Day 7: The agent had a bad day (30 points). The rolling average dropped to 81, but the ratchet floor stays at 91.

## Penalty Tiers

When the daily score drops, escalating penalties apply:

| Level         | Condition               | Effects                                                          |
| ------------- | ----------------------- | ---------------------------------------------------------------- |
| **None**      | Score >= 25% of target  | Normal operation                                                 |
| **Warning**   | Score \< 25% of target  | Warning message injected into prompt                             |
| **Tightened** | Score \< 15% of target  | 12-min heartbeat interval                                        |
| **Escalated** | Score \< 0              | 10-min interval, all tasks forced required                       |
| **Lockdown**  | Score \< -20% of target | 8-min interval, all tasks forced required, operator notification |

## Reward Tiers

High scores earn autonomy rewards:

| Level           | Condition                                            | Effects                                     |
| --------------- | ---------------------------------------------------- | ------------------------------------------- |
| **None**        | Score \< 50% of target                               | No reward                                   |
| **Good**        | Score >= 50% of target                               | On-track message                            |
| **Excellent**   | Score >= 70% of target                               | Positive reinforcement message              |
| **Outstanding** | Score >= 90% of target, or >= 70% with 3+ day streak | 20-min heartbeat interval (earned autonomy) |

## Interval Adjustments

The heartbeat interval dynamically adjusts based on the accountability score:

| Score Range           | Interval     | Rationale                                |
| --------------------- | ------------ | ---------------------------------------- |
| Very low (lockdown)   | \~8 minutes  | Frequent check-ins, tight oversight      |
| Low (tightened)       | \~10 minutes | Increased monitoring                     |
| Normal                | \~15 minutes | Standard operation                       |
| Good                  | \~17 minutes | Slight autonomy reward                   |
| Excellent/Outstanding | \~20 minutes | Maximum autonomy, agent has earned trust |

<Note>
  The interval override is applied per-cycle -- it does not permanently change the configured interval.

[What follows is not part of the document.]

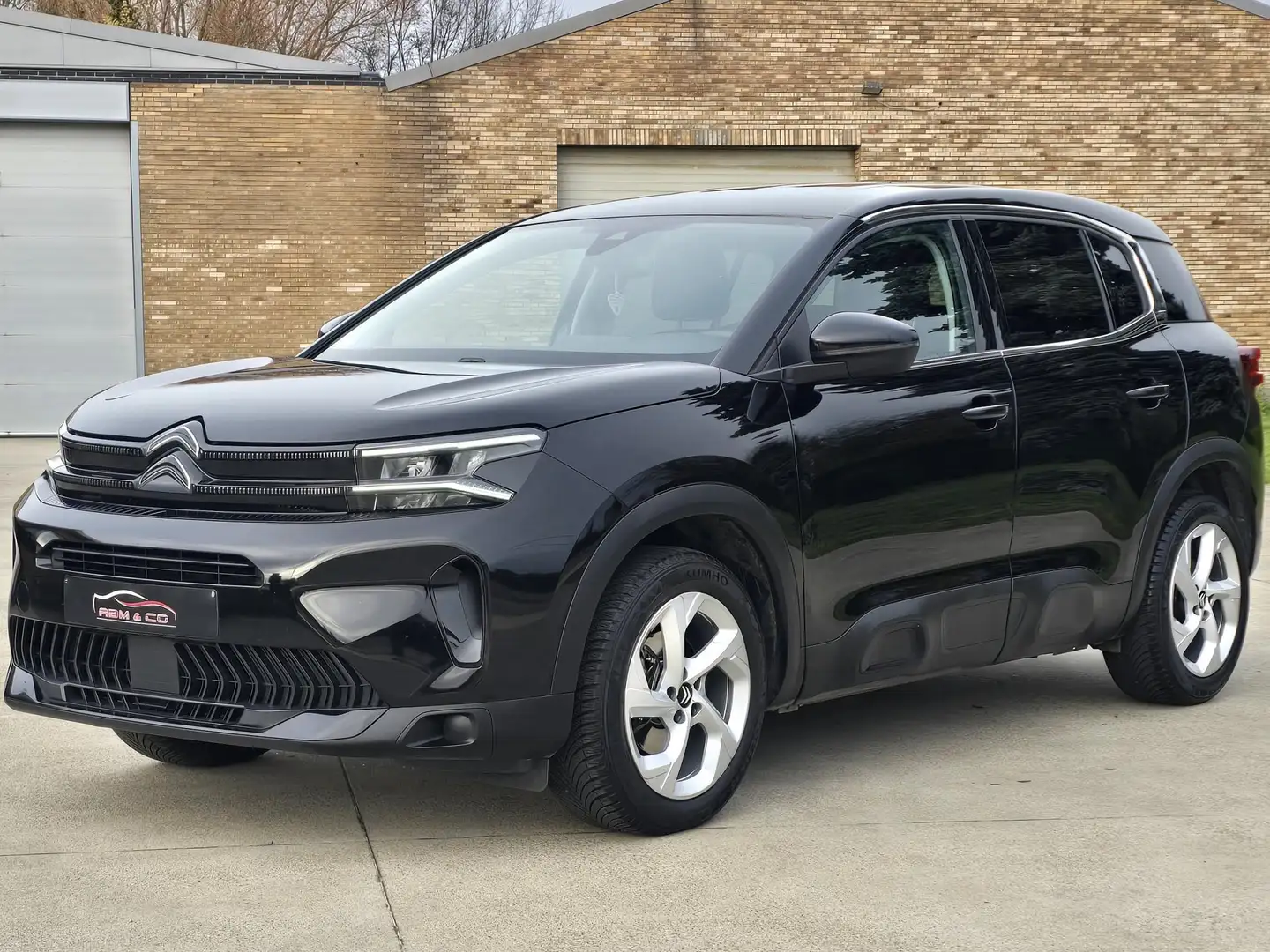 Citroen C5 Aircross 1.2i Essence ** Carplay - LED ** GAR 12M Zwart - 2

When the score returns to normal, the interval returns to the configured default.
</Note>

## Dashboard Display

The accountability score is shown in the dashboard StatusBar as a pill with:

* **Shield icon** -- color changes based on score state
* **Green score** -- current points (positive = emerald, negative = red)
* **Red failures** -- count of failed verifications today

### Score API Endpoints

| Endpoint              | Method | Description                                                           |
| --------------------- | ------ | --------------------------------------------------------------------- |
| `/api/score`          | GET    | Current score, dynamic target, verified/failed counts, lifetime stats |
| `/api/score/history`  | GET    | Today + 7-day history for leaderboard display                         |
| `/api/score/feedback` | POST   | Record thumbs up/down, returns points delta and new score             |